→ INPUT RECORDS
•••

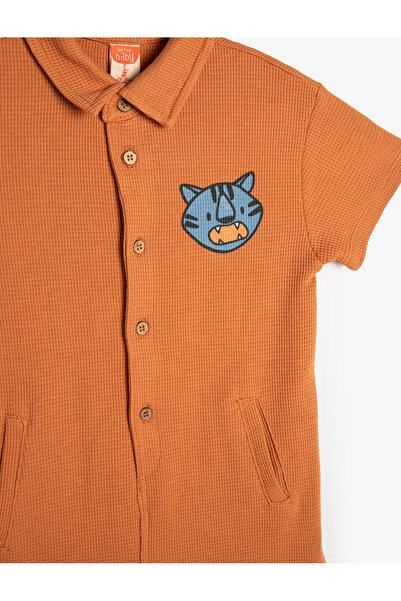 Koton Kısa Tulum Dokulu Kaplan Aplikeli Düğme Detaylı Pamuklu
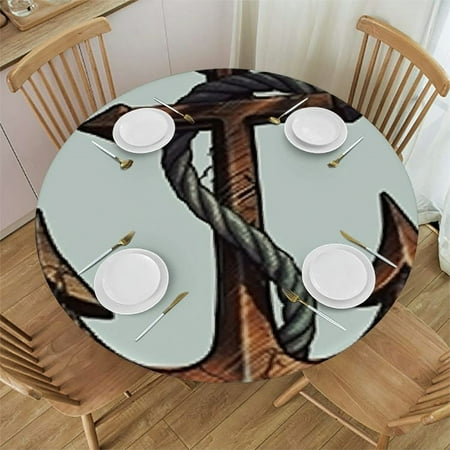 

Tllo0ord Round Fitted Tablecloth Watercolor Beach Things Marine Round Tablecloth Tablecloths Elastic Fitted Indoor Outdoor Multicolor Fits Tables 54-58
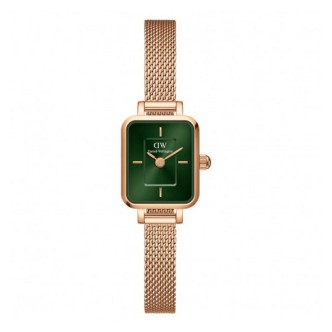 1 - Orologio donna solo tempo Daniel Wellington Quadro Mini rosato fondo verde DW00100648 acciaio 316L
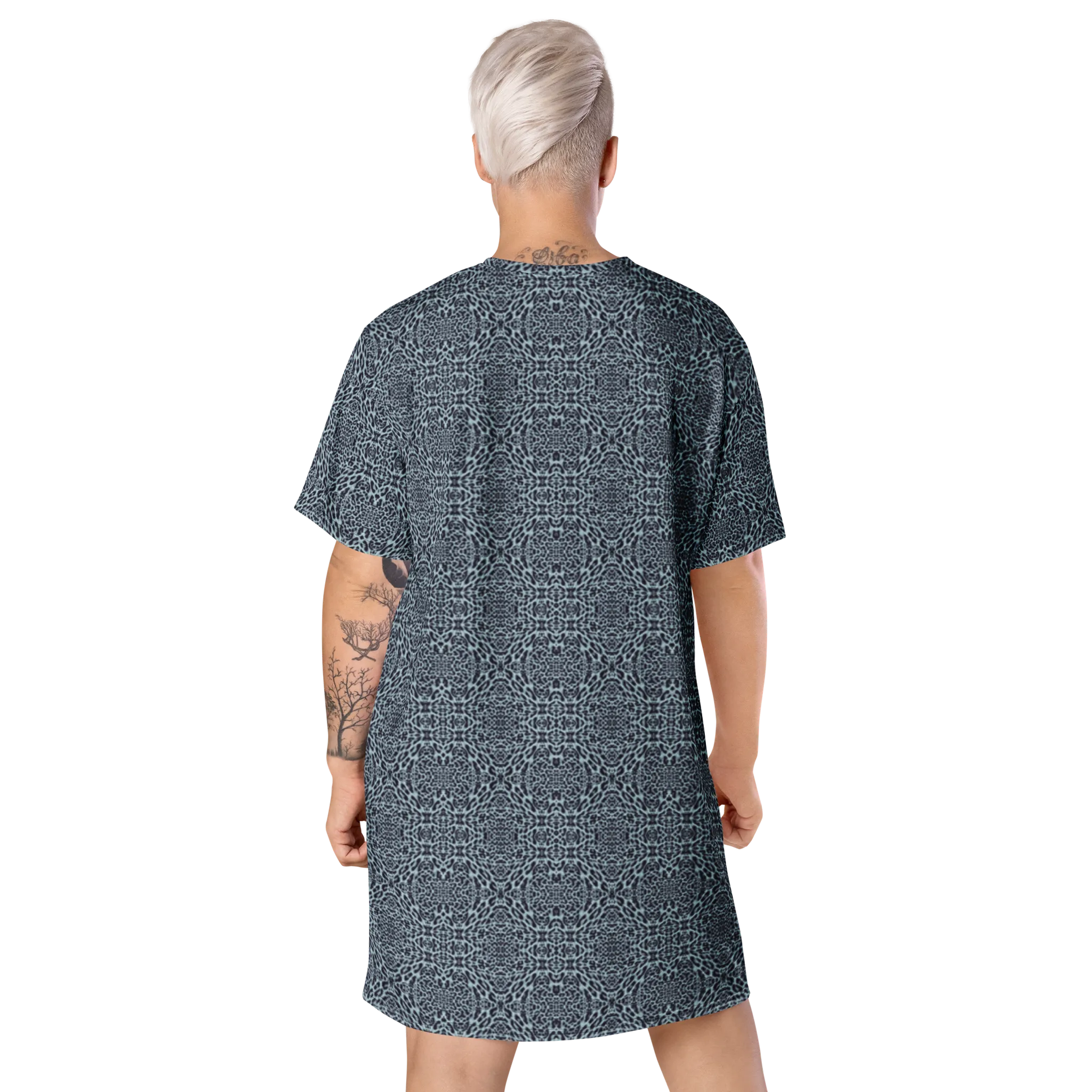 Recursia Contemplative Jaguar T-Shirt Dress In Blue
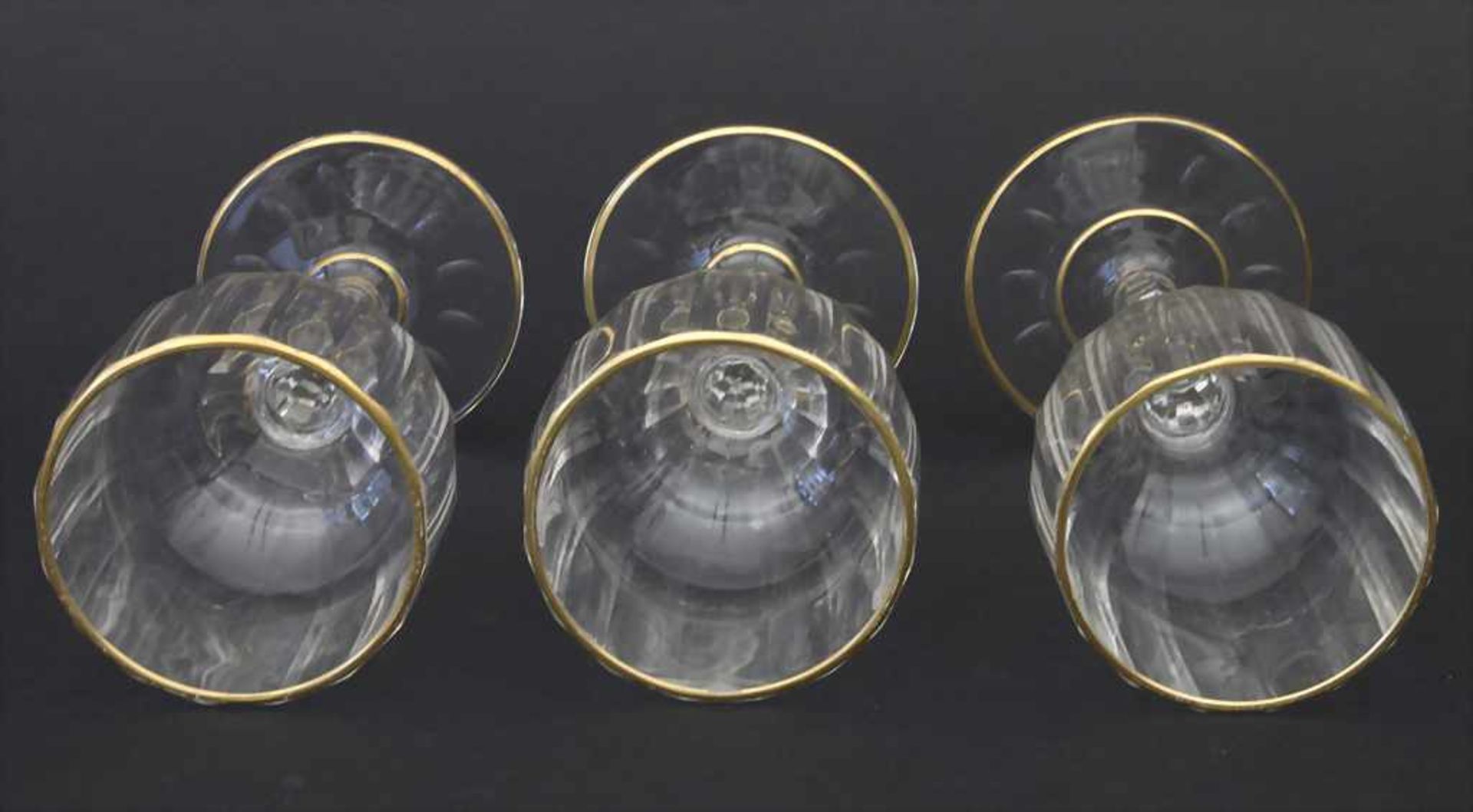 3 Sherrygläser / 3 glasses, J. & L. Lobmeyr, Wien, um 1880Material: farbloses Glas mit Goldrand, - Bild 3 aus 4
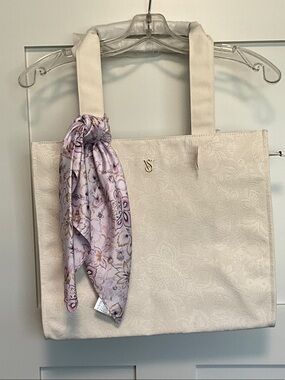 Victoria's Secret Cream Floral Jacquard Tote with Lavender Scarf Accent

•••

In your reply, please print exactly the lines from the one with "Tllo0ord Round Fitted" through the final line of the listing above, both included, and no pictures.

→ OUTPUT OF THE EXERCISE
Tllo0ord Round Fitted Tablecloth Watercolor Beach Things Marine Round Tablecloth Tablecloths Elastic Fitted Indoor Outdoor Multicolor Fits Tables 54-58
 1 - Orologio donna solo tempo Daniel Wellington Quadro Mini rosato fondo verde DW00100648 acciaio 316L
 Recursia Contemplative Jaguar T-Shirt Dress In Blue
 3 Sherrygläser / 3 glasses, J. & L. Lobmeyr, Wien, um 1880Material: farbloses Glas mit Goldrand, - Bild 3 aus 4
 Victoria's Secret Cream Floral Jacquard Tote with Lavender Scarf Accent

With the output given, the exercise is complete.